Los discursos elaborados a fin de descifrar el significado de lo cotidiano han pecado normalmente de un carácter oficialista, representativos de la sociedad institucional. Lo cotidiano nunca se ha visto en verdad fidedignamente retratado en el marco de los discursos producidos en las instituciones. Básicamente porque hay un poso de fondo insobornable en lo cotidiano refractario a una unívoca lectura en clave de sesgo político. La esencia de lo cotidiano rebasa lo político, por mucho énfasis puesto por parte de las instituciones en obstinarse en lo contrario. Se ha visto mejor retratada, por ejemplo, en cierta novelística, en ámbitos cinematográficos o en semanarios costumbristas presididos por el humor. Es más, lo cotidiano, siendo como es aquella dimensión más sustancial de la vida social, es, en sí mismo, indefinible bajo delimitación categorial alguna. Es lo más magmático de la vida social, lo más resbaladizo al corsé en una definición, lo que jamás un sumatorio de conjuntos puede encapsular bajo el patrón de un modelo teórico. Por eso en lo cotidiano hay imprevisibilidad, impredecibilidad y, por tanto, libertad, debido a que su reino de actuación es el de la originalidad y el ingenio, en definitiva, aquel donde puede campear la creatividad. Esto explica, de refilón, el porqué la sociedad de vigilancia y control generalizado surgida en las últimas décadas trate de infiltrase con cada vez menos pudor en los intersticios de lo cotidiano. Una empresa tan totalitaria como infructuosa, puesto que, a resultas precisamente de la creatividad atesorada en este, la tentativa de gestión de todos y cada uno de sus flecos resulta imposible.

Detrás de la fachada institucional de cada individuo se esconde un larvado sentir de disconformidad o de adaptabilidad forzada a los imperativos procedentes del cumplimiento con las expectativas de rol institucional, acompañado de una resignación metafísica acerca de la imposibilidad de salida de este aprisionamiento. En ella se presume que enfrentarse cara a cara con el poder conlleva de partida la derrota. Sin embargo en el hiato de lo cotidiano el individuo puede despojarse de la coerción impuesta por su máscara institucional y toparse con aquello que auténticamente es o querría ser junto a otros y otras que comparten un similar sentir, puede sino acabar con la dominación y momentáneamente ponerse a resguardo de ella. De manera que el mundo de lo cotidiano es menos pasivo y más descreído acerca de los mensajes institucionales de lo que la intelligentsia cree o gusta de creer. Hay sin duda algo de anodino en la vida corriente, pero, a la vez, aunado con la aspiración al encuentro con un sí mismo subyugado por el trabajo y demás ataduras institucionales. O si no, ¿de qué otra manera dar cuenta del hecho de que, de un tiempo a esta parte, una honrosa prejubilación se hubiera convertido en el mayor objetivo generalizado perseguido por las gentes?

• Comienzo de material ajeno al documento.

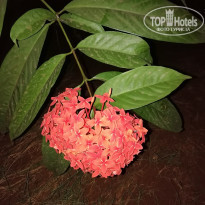 фото из отзыва ID 2124678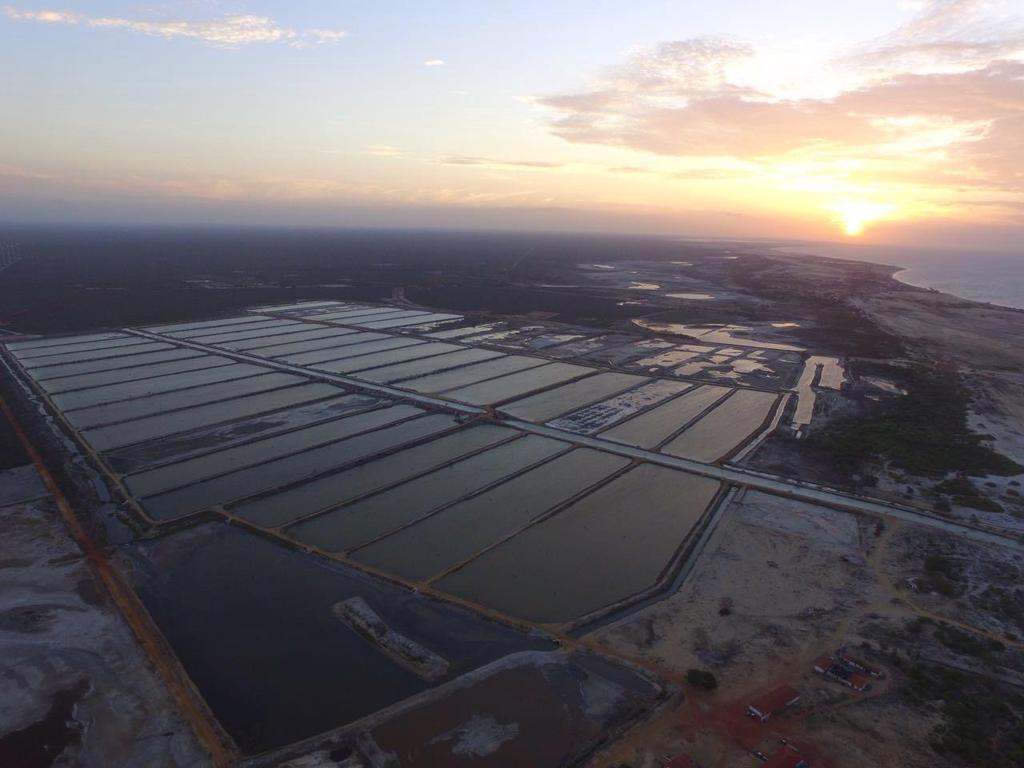 Contextualizando a Camarave a. Fazenda semi-intensiva de camarão com 137 hectares de área produtiva, cultivando o L. vannamei desde o ano 2002; b.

Lo cotidiano está ahí, siempre en una semiopacidad, en otra vida paralela a la institucional y de la cual poco o nada se habla. Y cuando se le hace hablar es para ofrecer una imagen deformada suya, enfatizando siempre más lo que debiera políticamente ser en lugar de dejar expresar lo que en realidad es. Este rasgo profundamente impolítico de lo cotidiano daría cuenta, por ejemplo, de una suerte de conspiración o voto de silencio de las gentes cuando son instadas a manifestarse desde un léxico de partida institucionalmente encauzado. ¿Qué decir del aflore de esas masas anónimas, impolíticas, imposible de encerrar su identidad en arsenal conceptual alguno, de esas multitudes que alojan y desalojan incesantemente escenarios deportivos o musicales, de esas que llenan y vacían excursiones turísticas, de esas que parecen no creer en nada más que en el abandono a la alteridad? Pues que probablemente anhelan el reencuentro con un reencantamiento juvenil del mundo adocenado en el compromiso con las facetas del mundo institucional. Un anhelo hasta cierto punto inexpresable desde un conocimiento al servicio de los intereses de las instituciones, pero probablemente abordable teniendo en cuenta la manera en cómo en los espacios de lo cotidiano los individuos, unos/as con otros/as, tratan de reinventar, a su modo, precariamente, su existencia, sin preguntase siquiera sobre si son víctimas o no de la alienación, dado que la pregunta, en sí misma, no tiene cabida en su gramática existencial.